Mit dem Schreiben verständlichen Codes, dem Nachdenken über Namensgebung und dem Kommentieren verhält es ein bisschen wie mit Safer Sex: Jeder erkennt den Nutzen und ist dafür, und doch wird es zu selten praktiziert - insbesondere, wenn es wirklich drauf ankommt. Das Haupthindernis ist dabei psychologischer Natur: Im Moment des Schreibens hat man Verständnishilfen nicht nötig. Man weiß, was man tut, und alle nötigen Informationen kursieren noch frisch im Kurzzeitgedächtnis. Außerdem will man mit dem Programm weiterkommen und sich nicht durch das Schreiben von Kommentaren ablenken lassen.

Der Autor müsste sich also in fremde Leser seines Codes hineinversetzen und deren Bedürfnisse nachvollziehen, was zusätzliche Arbeit verursacht und deshalb gern unterlassen wird.
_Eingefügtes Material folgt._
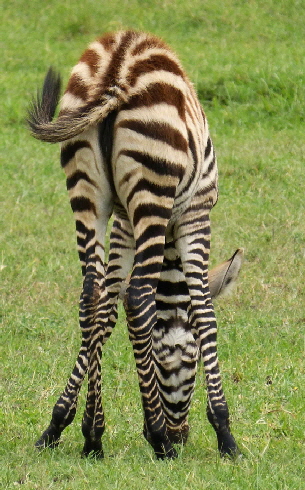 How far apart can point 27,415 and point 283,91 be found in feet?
30.1

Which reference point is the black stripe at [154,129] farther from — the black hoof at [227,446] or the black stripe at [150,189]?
the black hoof at [227,446]

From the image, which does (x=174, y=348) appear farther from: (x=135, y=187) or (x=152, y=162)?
(x=152, y=162)

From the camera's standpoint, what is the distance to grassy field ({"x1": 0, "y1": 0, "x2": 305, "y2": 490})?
4.55 m

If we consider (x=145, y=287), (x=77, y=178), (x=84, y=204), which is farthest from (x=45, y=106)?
(x=145, y=287)

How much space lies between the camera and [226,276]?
555 centimetres

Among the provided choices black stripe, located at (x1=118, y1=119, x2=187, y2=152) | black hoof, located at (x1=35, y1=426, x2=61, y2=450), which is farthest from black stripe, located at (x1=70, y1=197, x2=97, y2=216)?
black hoof, located at (x1=35, y1=426, x2=61, y2=450)

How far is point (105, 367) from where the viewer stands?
640 centimetres

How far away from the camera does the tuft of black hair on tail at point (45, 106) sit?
455 cm

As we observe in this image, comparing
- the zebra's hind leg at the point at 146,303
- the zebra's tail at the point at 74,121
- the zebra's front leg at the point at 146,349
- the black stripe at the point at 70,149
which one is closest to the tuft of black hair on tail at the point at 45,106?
the zebra's tail at the point at 74,121

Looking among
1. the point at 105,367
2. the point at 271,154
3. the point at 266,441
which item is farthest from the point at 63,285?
the point at 271,154

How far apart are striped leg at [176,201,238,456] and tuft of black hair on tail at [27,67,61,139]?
1.01 meters

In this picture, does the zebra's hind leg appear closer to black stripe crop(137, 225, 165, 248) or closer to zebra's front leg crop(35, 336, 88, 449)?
black stripe crop(137, 225, 165, 248)

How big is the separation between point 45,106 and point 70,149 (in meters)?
0.39

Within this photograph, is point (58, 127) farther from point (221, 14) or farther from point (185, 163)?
point (221, 14) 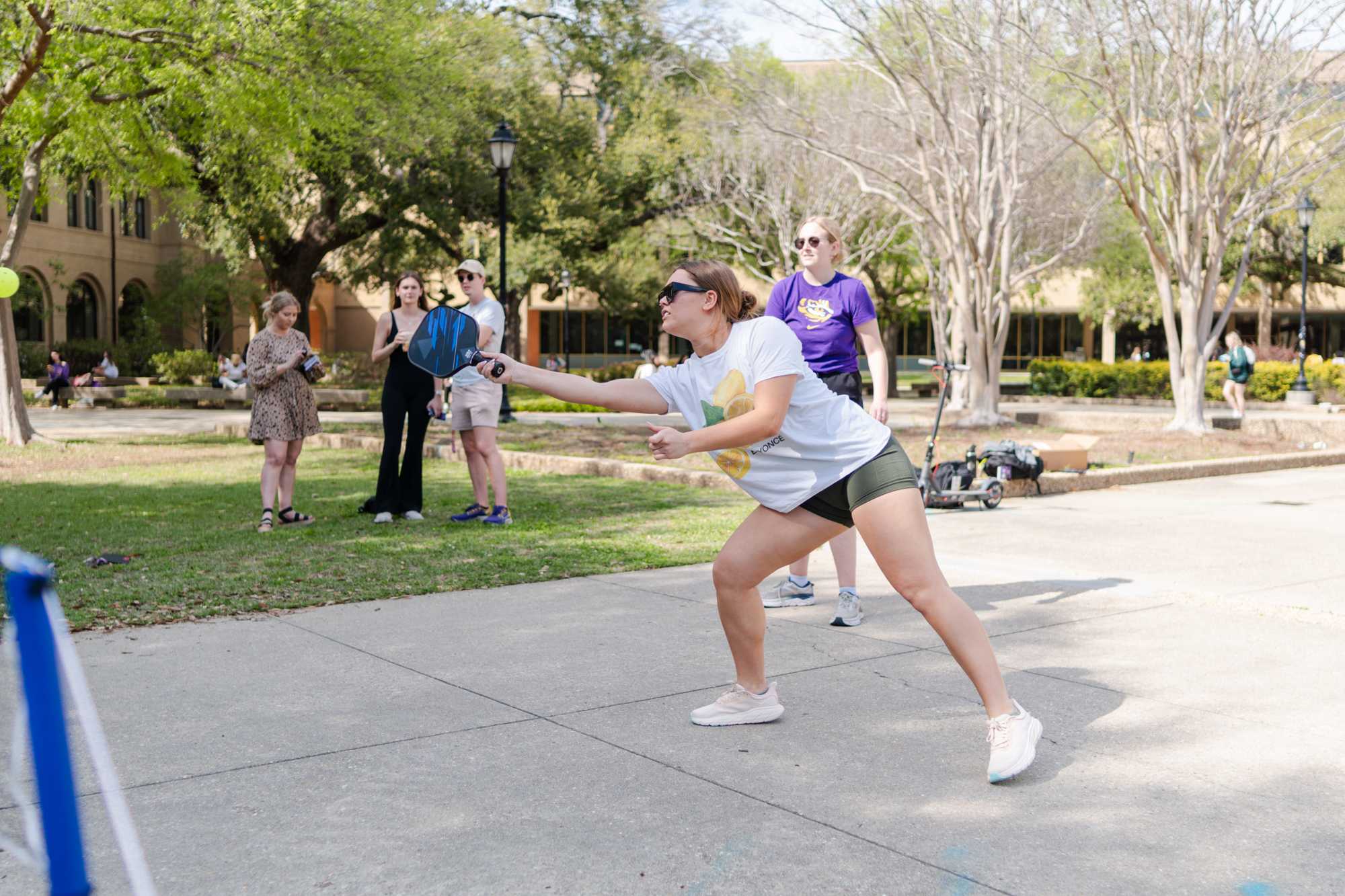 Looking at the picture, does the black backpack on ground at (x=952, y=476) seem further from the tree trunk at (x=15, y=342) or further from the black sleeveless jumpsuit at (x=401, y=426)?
the tree trunk at (x=15, y=342)

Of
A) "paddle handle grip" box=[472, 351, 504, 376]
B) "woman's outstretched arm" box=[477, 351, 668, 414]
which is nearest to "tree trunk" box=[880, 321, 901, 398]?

Manchmal missachtet er diese Bedürfnisse sogar ganz bewusst, etwa wie er die andren Leser als Konkurrenten um seinen Arbeitsplatz wahrnimmt.

Ob man sich um lesbaren Code bemüht, hängt also auch wesentlich davon ab, welches Verhältnis man zu seinen imaginären Codelesern hat. Dieses Verhältnis lässt sich freundlicher gestalten mithilfe der von buddhistischen Weisen sowie den Fantastischen Vier beschriebenen Einsicht, >>Du bist wie die andern und die andern sind wie du.« Die Leser, die jede Hilfe beim Verständnis des Codes gebrauchen können, sind wir selbst - heute beim Versuch, den Code anderer zu verstehen, und morgen beim Betrachten des eigenen Codes. Die Erkenntnis, dass der eigene Code einem sehr schnell sehr fremd wird, ist unter Programmierern so weit verbreitet, dass sie schon vor Jahrzehnten Gesetzesform angenommen hat. >>Eagleson's Law« lautet: >>Any code of your own that you haven't looked at for six or more months might as well have been written by someone eise.« Eine Ergänzung: Eagleson war Optimist, in Wirklichkeit sind es eher drei Wochen.

Widerstehen Sie daher der Einflüsterung >>Das merkst du dir doch auch so!<< des Codeteufels. Es schadet nicht, sich beim Programmieren vorzustellen, man sei der Protagonist aus »Memento«, der alles, was er nicht sofort schriftlich festhält, wenige Minuten später wieder vergessen hat. Das hat auch mit Respekt vor der eigenen Arbeitszeit zu tun, denn dass man einmal Zeit auf das mühsame Verstehen eines Problems aufgewendet hat, heißt nicht, dass man es ab jetzt für immer verstehen wird. Auch Verständnis hat ein Verfallsdatum, und man kann heute schon die Zeit von morgen einsparen, indem man sich selbst das Verstandene aufschreibt und erklärt. Dass dadurch auch andere Menschen den Code leichter erfassen können, ist eine praktische Nebenwirkung.